Cependant, cette période d’unité est de courte durée. La mort de Koubrat dans les années 660 ouvre une période d’incertitude et de division. Ses fils, incapables de maintenir l’unité de la Grande Bulgarie, se répartissent le territoire, un choix qui affaiblit considérablement leur pouvoir face aux menaces extérieures. Cette fragmentation profite aux Khazars, un puissant peuple cavalier d’origine turcique, qui s’impose comme une force dominante dans la région. Leur expansion rapide met en péril les héritiers de Koubrat et les pousse à prendre des chemins divergents.

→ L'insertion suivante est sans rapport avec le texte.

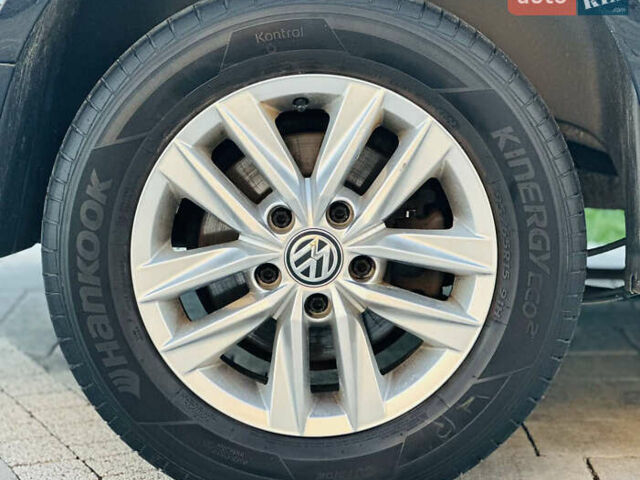 Черный Фольксваген Кадди, объемом двигателя 2 л и пробегом 192 тыс. км за 15950 $, фото 61 на Automoto.ua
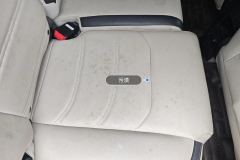 მარჯვენა უკანა Seat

À la mort de leur père, les fils de Koubrat héritent de territoires divisés. Cependant, leur incapacité à collaborer face aux menaces extérieures scelle le destin de la Grande Bulgarie. Chaque fils tente de préserver son pouvoir dans un contexte de pression militaire croissante, notamment des Khazars, dont l’expansion devient rapidement irrésistible.
Batbayan : L’aîné et la soumission aux Khazars
Batbayan, en tant qu’aîné, hérite du cœur de la Grande Bulgarie, mais il se retrouve rapidement confronté à la puissance croissante des Khazars. Ces derniers, dotés d’une cavalerie redoutable et d’une stratégie d’expansion agressive, écrasent les forces de Batbayan. Incapable de résister, il est contraint de se reconnaître vassal des Khazars. Cette défaite marque la fin de la souveraineté sur la partie centrale de la Grande Bulgarie, qui passe sous contrôle khazar.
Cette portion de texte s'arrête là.